In the World Series Cup, Pakistan only narrowly missed reaching the final with West Indies. Zaheer hit a fine 108 against Australia at Sydney, to bring victory to his side, and scored the most runs in the series. Miandad, Mudassar and Imran also batted well. Mudassar collected twelve wickets and headed the one-day bowling averages, while Imran, Sarfraz and Sikander all did quite creditably with the ball. An unfortunate aspect of the visit was the decline in public interest in the Test matches between Australia and Pakistan, this being most marked in the third Test at Melbourne, which Pakistan won, when the attendance on each of the five days' play was below 10,000. The three Tests attracted only 88,369 spectators.
Javed Miandad led the side and batted well throughout, although his confrontation with Lillee during the Perth Test was a wretched affair and he did not appear to have the full support of his whole team at all times. He was also involved in strong but unsuccessful requests by the Pakistani management to have the umpires replaced for the second Test.
The confrontation between Miandad and Lillee was one of the most undignified incidents in Test history. Miandad, batting to Lillee, had turned a ball to the on side and was in the course of completing a comfortable single when he was obstructed by Lillee. In the ensuing fracas Lillee kicked Miandad, who responded by shaping to strike him with his bat. The Australian team imposed a $200 fine (£120 approx.) on Lillee and sought an apology from Miandad for his part in the affair. However, the umpires, who had assisted in quelling the incident, objected to the penalty as being too lenient and the matter was dealt with at a Melbourne hearing before Mr R. Merriman, the coordinator of the Australian Cricket Board's cricket sub-committee. His ruling was that Lillee's penalty, set by the players, was not sufficient and he imposed a suspension from Australia's two ensuing one-day internationals - against Pakistan and West Indies. No apology was forthcoming from Miandad, whose participation in the incident was also referred to in the umpires' report.
Zaheer Abbas maintained his customary form with some crisp and effective batting, while Majid Khan batted soundly and his replacement as opening batsman, Mansoor Akhtar, showed promise. The youthful Rizwan-uz-Zaman had distinct ability as an opening batsman, hitting hundreds against South Australia and Tasmania. Mudassar Nazar batted soundly, playing the role of sheet-anchor, and Wasim Raja showed glimpses of form on occasions.
Imran Khan became Pakistan's highest Test wicket-taker in the Melbourne Test with 144 dismissals.

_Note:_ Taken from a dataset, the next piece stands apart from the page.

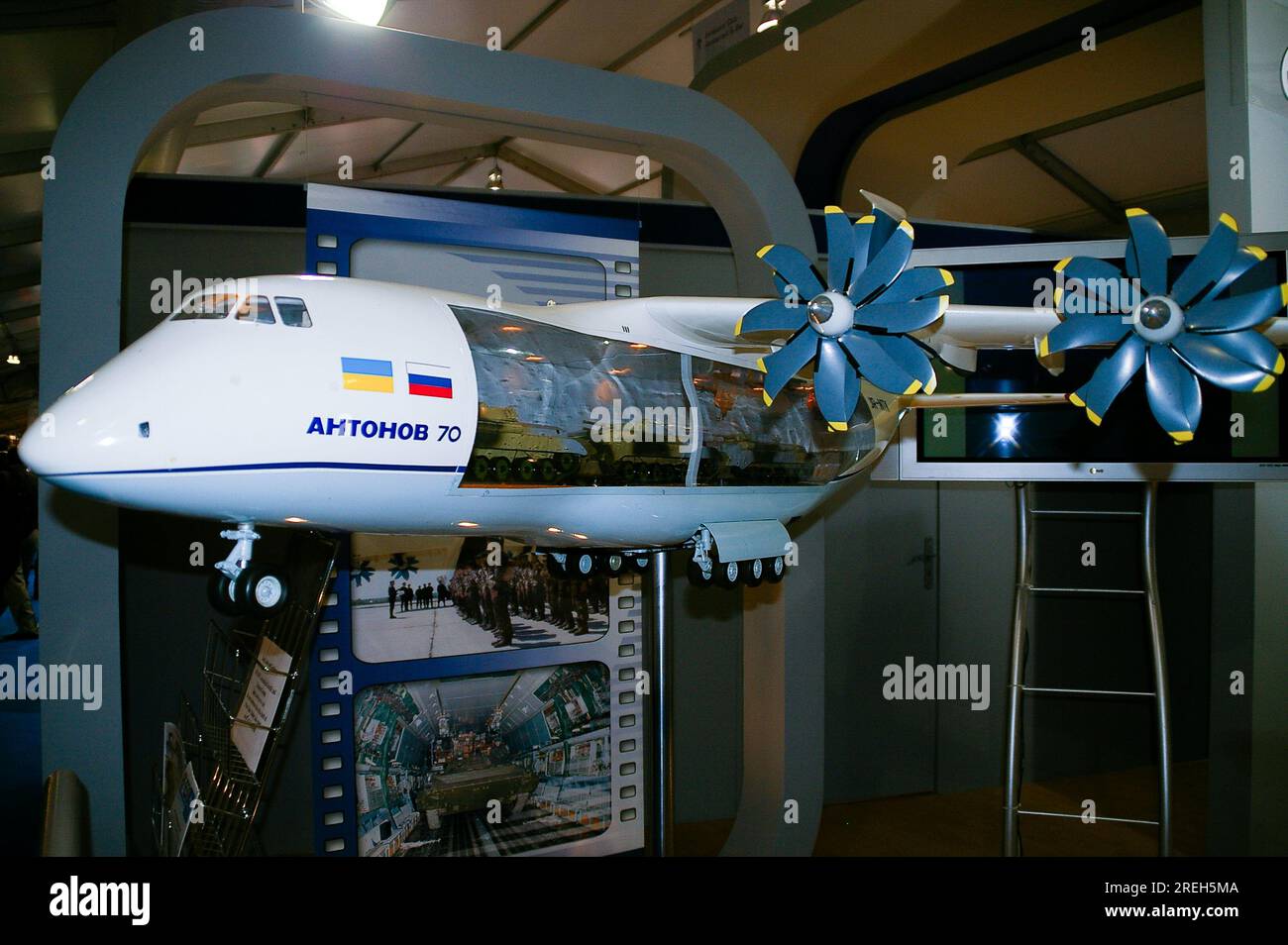 Stand di Antonov alla fiera di Farnborough International Airshow 2012, UK, con modello di aereo da trasporto Antonov AN-70. Ucraina aerospaziale Foto Stock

His fast bowling throughout the tour was excellent, and in the view of many he was the outstanding cricketer of the Australian season. He was ably supported by the angular fast bowler, Sikander Bakht, and the veteran, Sarfraz Nawaz, both of whom performed in stout-hearted fashion. Iqbal Qasim, the side's only top-class slow bowler, headed the bowling averages with 23 wickets. He bowled particularly well in the third Test in Melbourne while taking seven wickets. He was supported by the all-rounder, Ijaz Faqih, who bowled right-arm off-spinners, as well as batting quite usefully.
Test matches - Played 3: Won 1, Lost 2.
First-class matches - Played 8: Won 2, Lost 2, Drawn 4.
Wins- Australia, Tasmania.
Losses - Australia (2).
Draws - Western Australia, Queensland, Victoria, South Australia.
Non first-class matches - Played 13: Won 6, Lost 6, Drawn 1. Wins - Australia (3), West Indies, South Australian Country XI, Victorian Country XI. Losses - West Indies (4), Australia (2). Draw - Australian Capital Territory.